Avec Ruth Rendell (1930 – 2015), ce n’est pas tant l’intrigue qui passionne mais la description d’un monde, d’un milieu, d’un microcosme. Mais, ainsi que le déclarait Stephen King « Dès qu'il est question d'histoires d'obsession, de paranoïa et de coïncidences malheureuses, personne ne peut rivaliser avec Ruth Rendell ! ". Dans ce livre, il faut tout de même attendre le neuvième chapitre pour voir un premier cadavre. La construction est très classique, selon un schéma déjà utilisé par Zola dans "Pot-Bouille" ou "l'immeube Yakoubian" de l'égyptien Alaa al-Aswany ... le personnage principal est cette rue typiquement britannique !
Qui, visitant les beaux quartiers comme Belgravia, n’a pas imaginé pénétrer en restant invisible dans ces demeures de style géorgien, ces orgueilleuses maisons bâties de briques mordorées, aux portes flanquées de colonnes de stuc peintes en blanc vernis, avec leur soubassement et leur petit jardin derrière les grilles ouvragées ?
Entrons dans Hexam Place et faisons connaissance avec chacun des habitants.
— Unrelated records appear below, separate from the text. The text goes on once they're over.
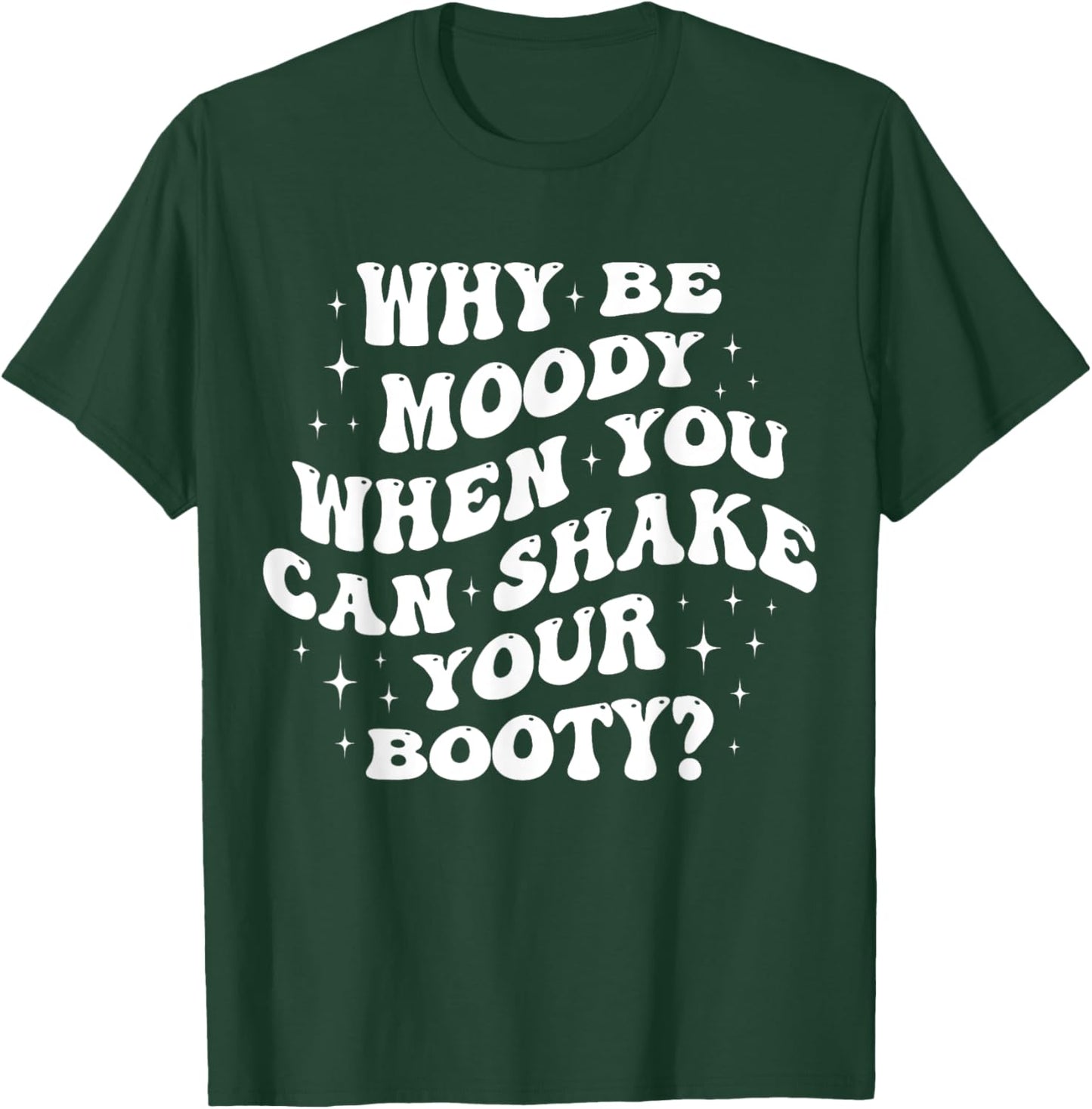 Why Be Moody When You Can Shake Your Booty? T-Shirt - T-Shirt | Forest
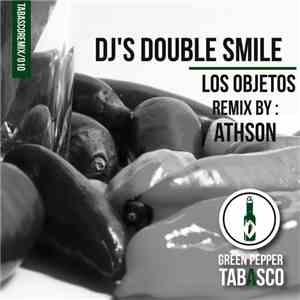 DJs Double Smile - Los Objetos download flac mp3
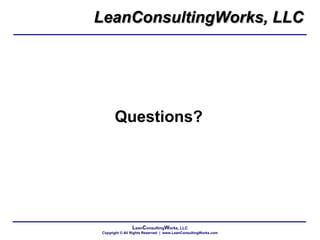 LeanConsultingWorks, LLC
Copyright © All Rights Reserved | www.LeanConsultingWorks.com
Questions?
LeanConsultingWorks, LLC
 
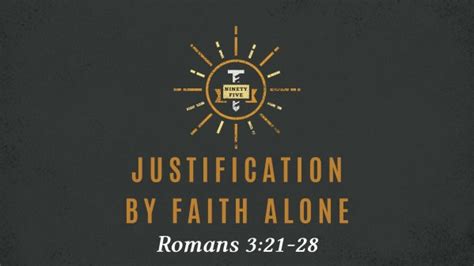 Justification By Faith Alone Faithlife Sermons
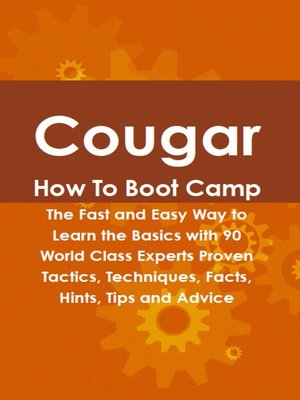 cover image of Cougar How To Boot Camp: The Fast and Easy Way to Learn the Basics with 90 World Class Experts Proven Tactics, Techniques, Facts, Hints, Tips and Advice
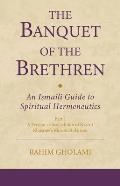 The Banquet of the Brethren: An Ismaili Guide to Spiritual Hermeneutics: Part 1 a Persian Critical Edition of Nasir-I Khusraw's Khwan Al-Ikhwan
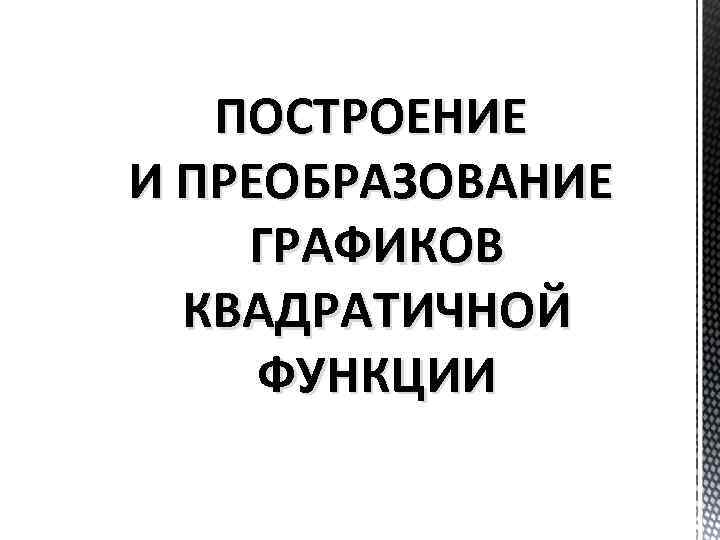 ПОСТРОЕНИЕ И ПРЕОБРАЗОВАНИЕ ГРАФИКОВ КВАДРАТИЧНОЙ ФУНКЦИИ 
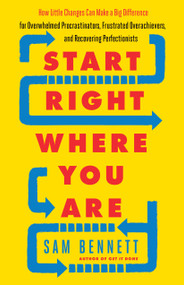 Start Right Where You Are by Sam Bennett, 9781608684434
Dans les appartements de grand luxe, on trouve un lord héréditaire (sa femme et sa fille couchent avec son chauffeur), un pédiatre unanimement respecté pour sa gentillesse, un banquier (son épouse le trompe avec l’acteur vedette d’une série télévisée), un couple gay, une vieille princesse de pacotille et sa dame de compagnie depuis plus de 60 ans … et surtout, la foule des gens de maison qui les « servent ».
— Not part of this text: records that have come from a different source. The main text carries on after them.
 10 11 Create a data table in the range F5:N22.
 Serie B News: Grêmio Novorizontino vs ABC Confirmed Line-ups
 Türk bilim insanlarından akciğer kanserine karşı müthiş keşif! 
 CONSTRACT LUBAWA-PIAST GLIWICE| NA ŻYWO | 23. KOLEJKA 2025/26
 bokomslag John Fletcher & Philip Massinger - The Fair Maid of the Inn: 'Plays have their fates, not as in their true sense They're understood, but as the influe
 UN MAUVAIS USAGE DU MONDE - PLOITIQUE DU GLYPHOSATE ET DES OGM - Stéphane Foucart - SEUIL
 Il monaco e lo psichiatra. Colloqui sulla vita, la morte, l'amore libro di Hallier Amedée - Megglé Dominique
Dans les appartements semi-enterrés (basements) et les combles, voici les chauffeurs, factotum, jardiniers, jeune fille au pair espagnole, femme de ménage rêvant de retourner à Antigua, nounou d’origine pakistanaise follement attachée au bébé qui lui rappelle ses deux enfants morts en bas âge, jeune femme préposée à des tâches de secrétariat ... Ils se retrouvent au pub du coin de la rue pour parler de leurs patrons, nouer des idylles, faire des projets. Celui de June – la vénérable assistante de la Princesse - est de créer une société d’entraide réservée au personnel domestique, la société de Sainte Zita.
Et puis, il y a Dex, un marginal sorti d’un hôpital psychiatrique. Le docteur certifie qu’il est guéri mais entend des injonctions de Peach, son Dieu, qui lui parle dans son téléphone portable. Il travaille ici et là, sur la recommandation du bon docteur Jefferson, dans les jardins ou comme homme à toutes mains… ou à toutes œuvres.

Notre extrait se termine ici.